As others have said - its really natural to find it hard in a new place with new people at first, especially for an introvert, or someone who's not the most comfortable in social situations..

ok now what to do about it! I think its a BRILLIANT idea joining societies! even if you dont stay till the end at first - its a brilliant start As others have said - a place like the Christian society may be more likely to be more accepting/ friendlier than some others (eg football) though - you never do know.. I think it's unrealistic to expect people to miss you if they dont yet know how wonderful you are (you havent given them the chance if you havent spoken to them yet!) But Stick to it - keep going! dont give up! and then they'll see how great you truly are! I think its awesomely brave of you to have made the effort to go already.

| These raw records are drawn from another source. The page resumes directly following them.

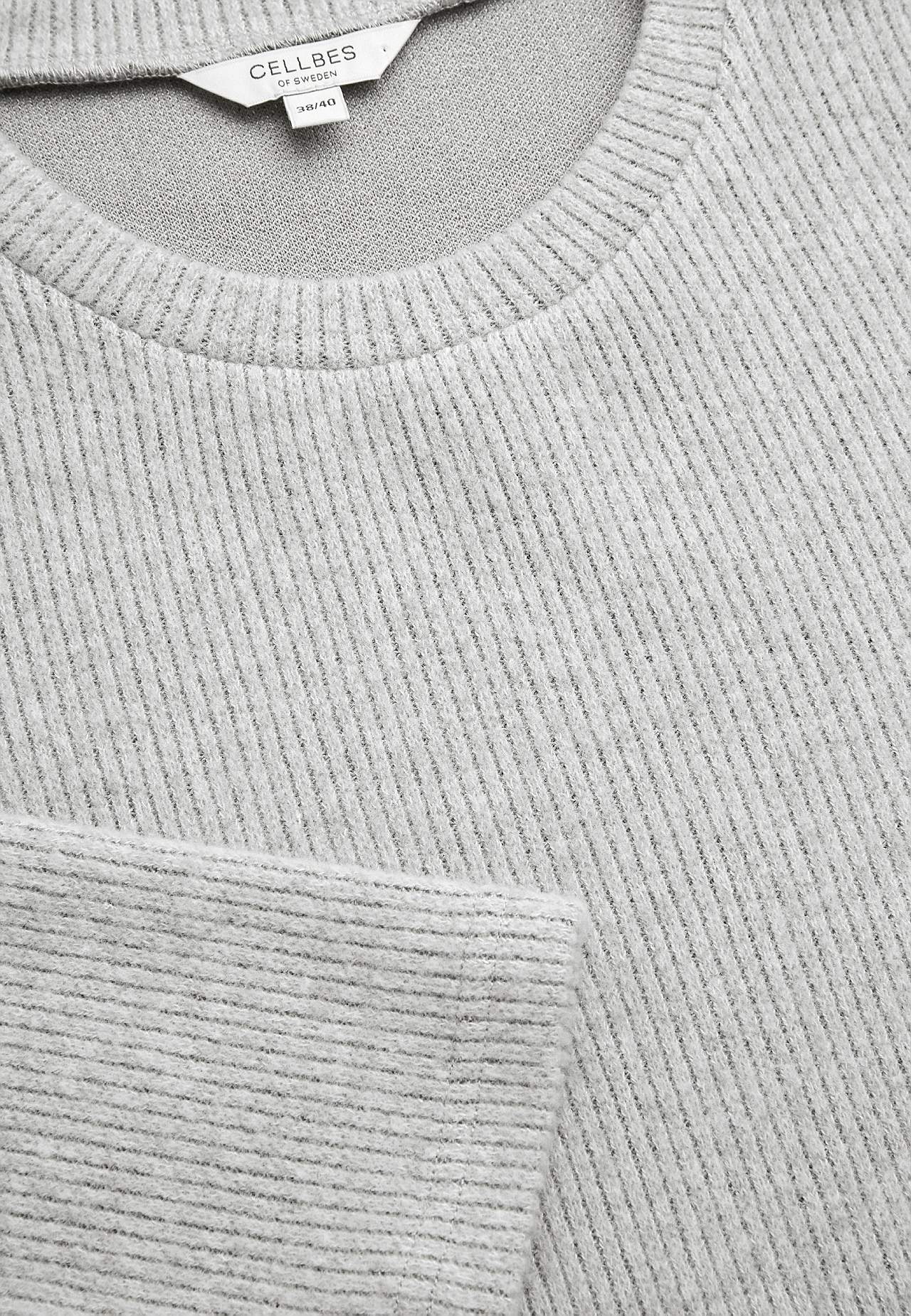 Super miękki sweter z rozcięciami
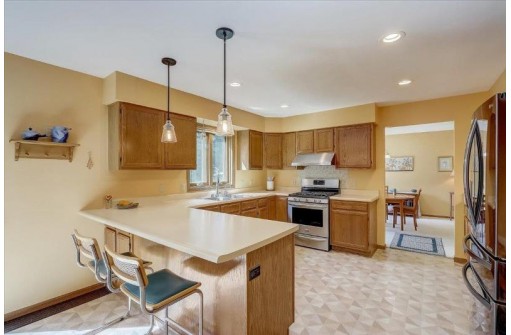 1013 Tramore Tr, Madison, WI 53717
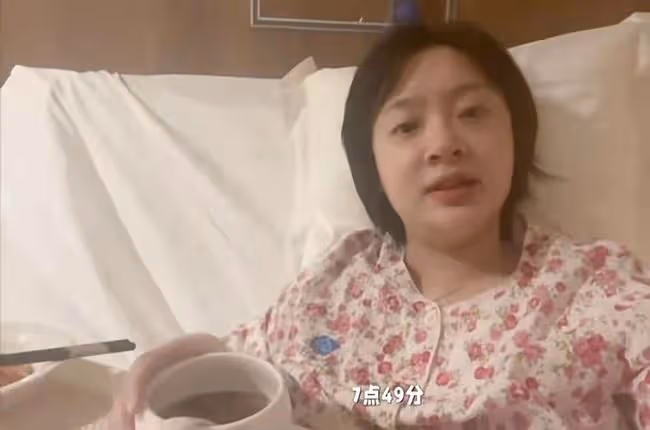 女星孫銥帶兒子游泳引爭議!寶寶未滿月戴脖圈,被指危險影響發育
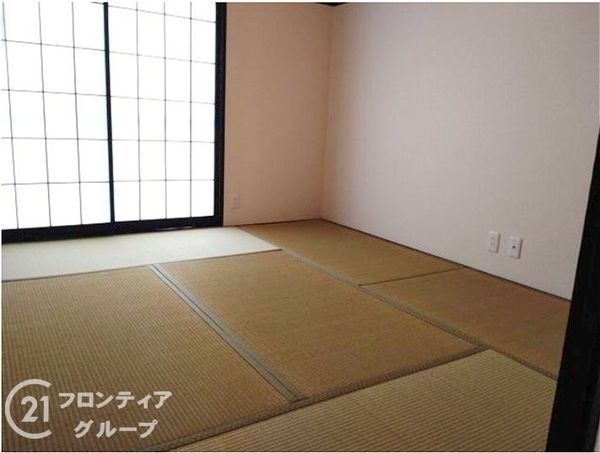 枚方市菊丘町　中古テラスハウス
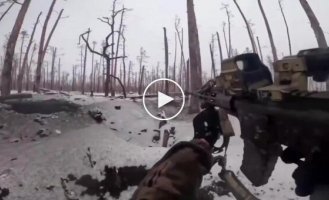 Shooting battle in the Kremensky forest from the first person of the Ukrainian military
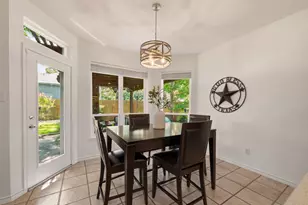 3906 Brookfield Dr, Arlington, TX 76001 - Photo 12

Next: forget about what you've been like in the past: it doesnt matter if you've had successful friendships before or not. Nothing's ever set in stone. Behaviours eg being quiet isnt who you are. And behaviours can change. What matters is what you do NOW. You can choose how you sculpt your life.

Next time you're in a society meeting/ class look around, see if there are a few people who look friendly - like you'd want to get to know them better. Try striking up some kind of conversation with them - try to get to know them better/ talk about something that interests you and go with it from there. I know you might not feel relaxed, and you might feel awkward - but just push past that - and make the effort - it'll become easier and easier the more you do it. Remember you have a choice here too - you might not like everyone you speak to: if they dont seem friendly- just move on to someone who is. Each time you go to a society meeting - you'll get to know the people a bit better - hopefully a few you'll like - maybe open up about yourself a little.. and go from there. Try not to think about what they think of you. Chances are - they can't form an opinion of you if they dont know you (worst they can think of you if you're quiet is: "hm he's a quiet one" which really isnt that bad right?).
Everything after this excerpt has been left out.